[Short text fragments from websites]
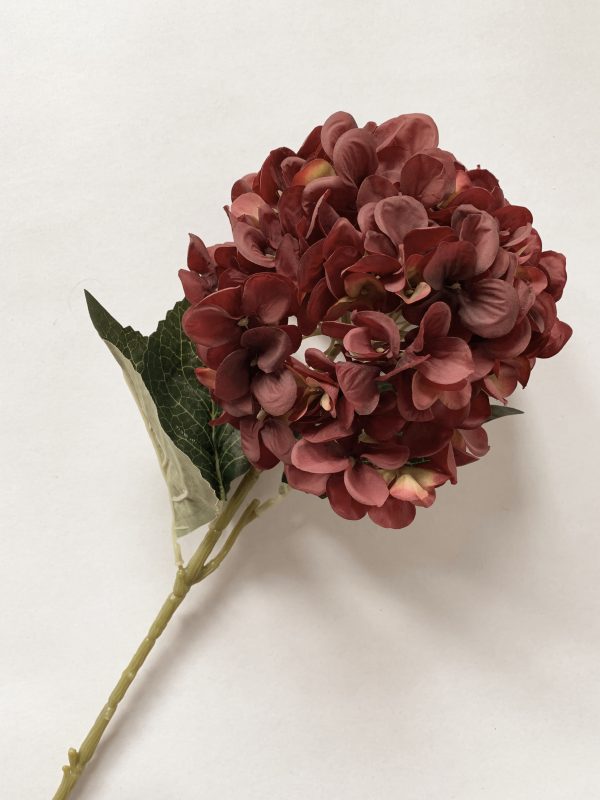 Hortensia 60 cm
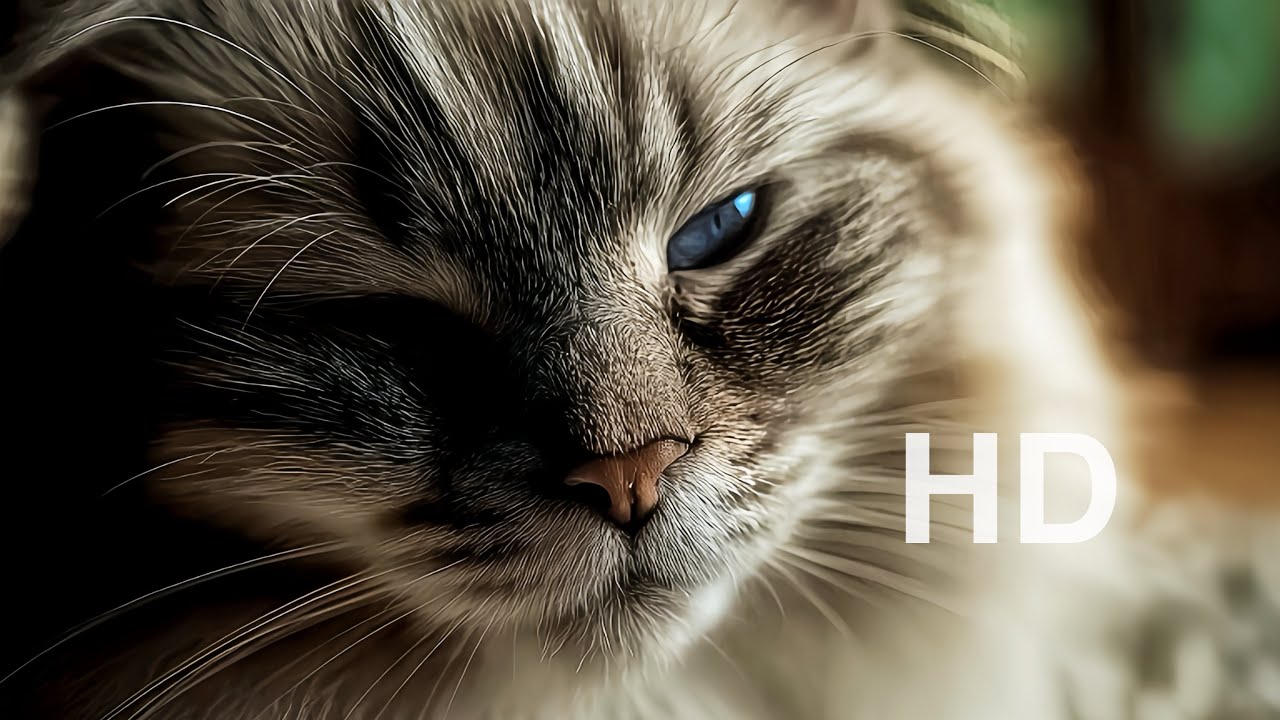 Instant Calm Sleep, Study & Relax with Coco | 2H Winter Ambience HD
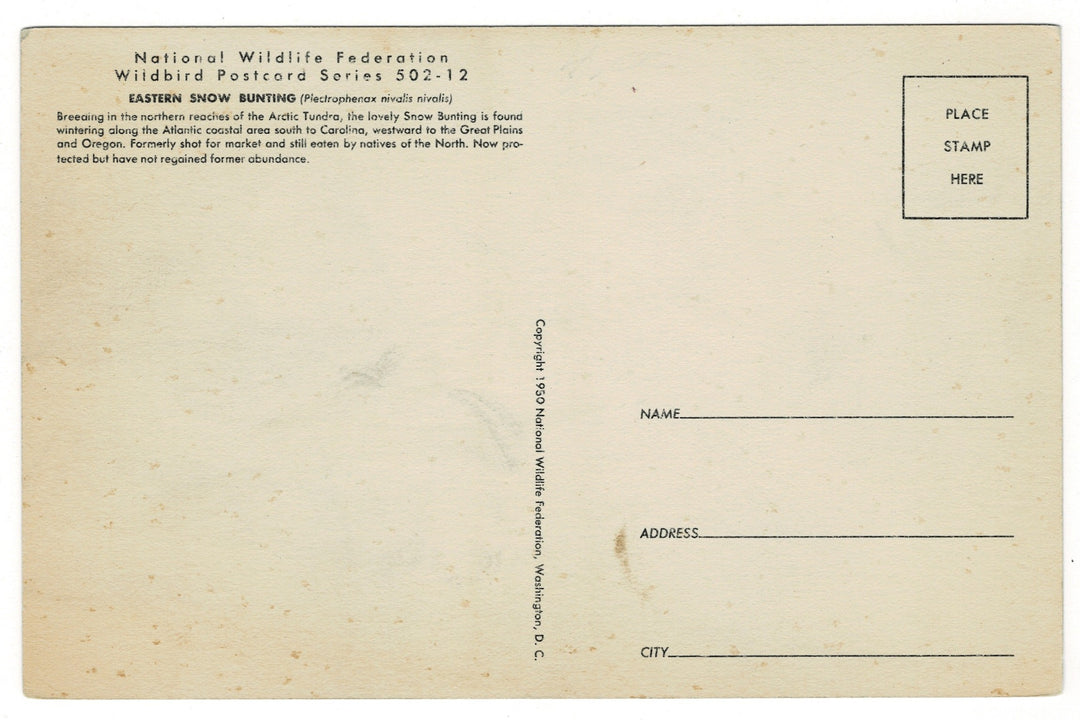  1950 Eastern Snow Bunting Vintage Art Postcard, back view.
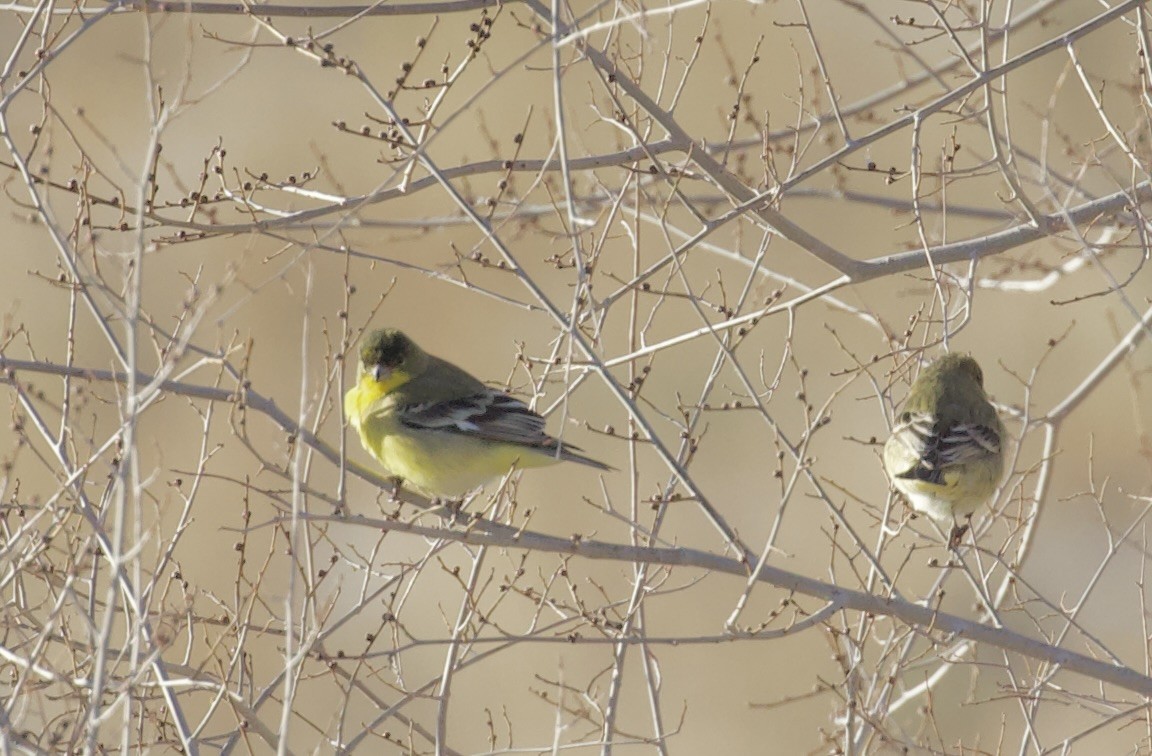 ヒメキンヒワ - ML648764168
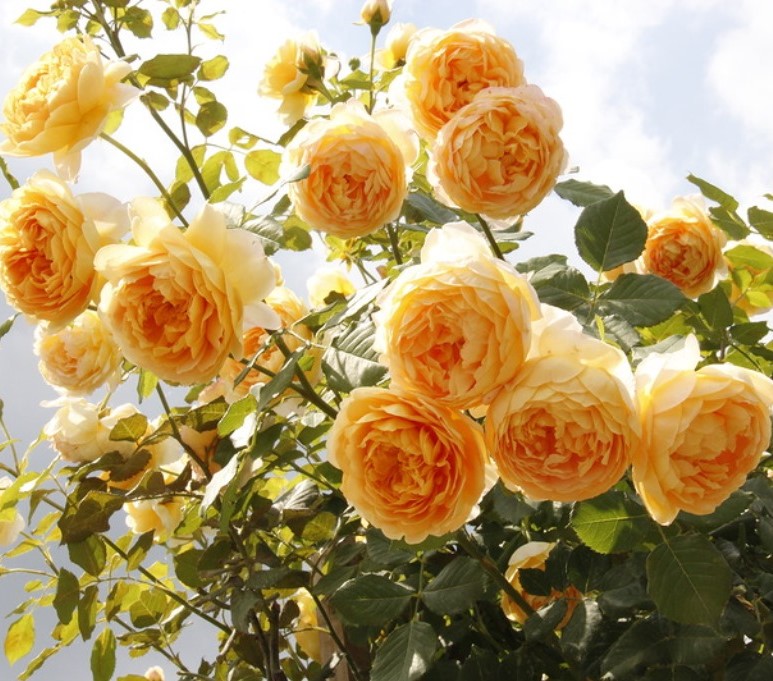 Роза Голден Селебрейшин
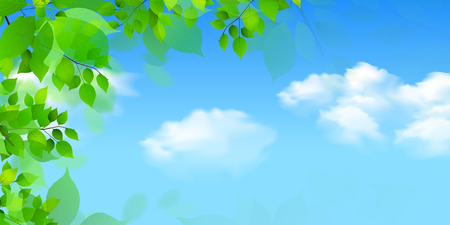 Fresh green leaves green backgroundのイラスト素材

[Directions] Pictures stay out; reproduce exactly the lines from the one containing "Instant Calm Sleep, Study" through the end of the data.

[Solution for this problem]
 Instant Calm Sleep, Study & Relax with Coco | 2H Winter Ambience HD
  1950 Eastern Snow Bunting Vintage Art Postcard, back view.
 ヒメキンヒワ - ML648764168
 Роза Голден Селебрейшин
 Fresh green leaves green backgroundのイラスト素材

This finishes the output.